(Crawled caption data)
_ _ _

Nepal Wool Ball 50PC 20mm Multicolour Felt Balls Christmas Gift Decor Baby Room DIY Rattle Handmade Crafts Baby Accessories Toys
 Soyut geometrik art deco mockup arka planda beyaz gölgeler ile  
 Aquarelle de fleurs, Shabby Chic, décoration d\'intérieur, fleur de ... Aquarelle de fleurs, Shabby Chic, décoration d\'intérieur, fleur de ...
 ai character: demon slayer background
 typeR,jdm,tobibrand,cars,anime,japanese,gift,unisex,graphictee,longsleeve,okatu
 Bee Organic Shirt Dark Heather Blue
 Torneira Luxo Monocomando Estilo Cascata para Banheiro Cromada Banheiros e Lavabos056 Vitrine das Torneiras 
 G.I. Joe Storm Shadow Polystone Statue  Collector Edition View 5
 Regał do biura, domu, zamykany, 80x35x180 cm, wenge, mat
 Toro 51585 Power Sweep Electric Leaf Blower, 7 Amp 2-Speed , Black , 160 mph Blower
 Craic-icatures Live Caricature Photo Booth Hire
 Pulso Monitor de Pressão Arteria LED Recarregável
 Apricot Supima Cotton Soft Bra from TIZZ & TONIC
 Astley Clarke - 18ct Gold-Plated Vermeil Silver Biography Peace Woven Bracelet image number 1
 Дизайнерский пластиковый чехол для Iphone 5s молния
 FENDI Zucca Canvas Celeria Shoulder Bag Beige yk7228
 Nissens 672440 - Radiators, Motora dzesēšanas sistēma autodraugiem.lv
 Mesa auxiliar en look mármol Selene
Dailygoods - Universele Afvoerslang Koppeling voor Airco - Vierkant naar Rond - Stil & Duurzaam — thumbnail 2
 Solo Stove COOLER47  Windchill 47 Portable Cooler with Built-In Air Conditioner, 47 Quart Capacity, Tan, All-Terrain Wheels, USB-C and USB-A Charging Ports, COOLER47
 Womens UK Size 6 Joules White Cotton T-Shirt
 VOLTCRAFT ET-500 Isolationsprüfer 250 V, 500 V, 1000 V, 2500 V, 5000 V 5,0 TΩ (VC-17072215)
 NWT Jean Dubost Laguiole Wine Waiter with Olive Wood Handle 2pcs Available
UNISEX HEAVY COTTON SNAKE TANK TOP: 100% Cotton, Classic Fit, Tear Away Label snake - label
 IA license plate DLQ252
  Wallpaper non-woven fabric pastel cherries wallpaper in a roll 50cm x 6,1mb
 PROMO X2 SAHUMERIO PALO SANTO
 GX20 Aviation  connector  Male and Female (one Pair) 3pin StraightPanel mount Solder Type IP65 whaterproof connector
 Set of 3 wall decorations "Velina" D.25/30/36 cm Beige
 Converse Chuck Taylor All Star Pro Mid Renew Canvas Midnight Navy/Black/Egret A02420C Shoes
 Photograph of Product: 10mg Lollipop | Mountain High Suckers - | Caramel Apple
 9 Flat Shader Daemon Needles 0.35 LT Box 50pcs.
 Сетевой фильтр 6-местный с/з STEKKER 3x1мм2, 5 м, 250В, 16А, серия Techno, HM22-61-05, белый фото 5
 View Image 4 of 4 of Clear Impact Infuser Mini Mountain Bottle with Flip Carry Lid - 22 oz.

_ _ _

Your objective: The line containing "Soyut geometrik art" marks the end. Please print exactly every line from the top of the data to it, both included, and nothing more.

Task response:
Nepal Wool Ball 50PC 20mm Multicolour Felt Balls Christmas Gift Decor Baby Room DIY Rattle Handmade Crafts Baby Accessories Toys
 Soyut geometrik art deco mockup arka planda beyaz gölgeler ile  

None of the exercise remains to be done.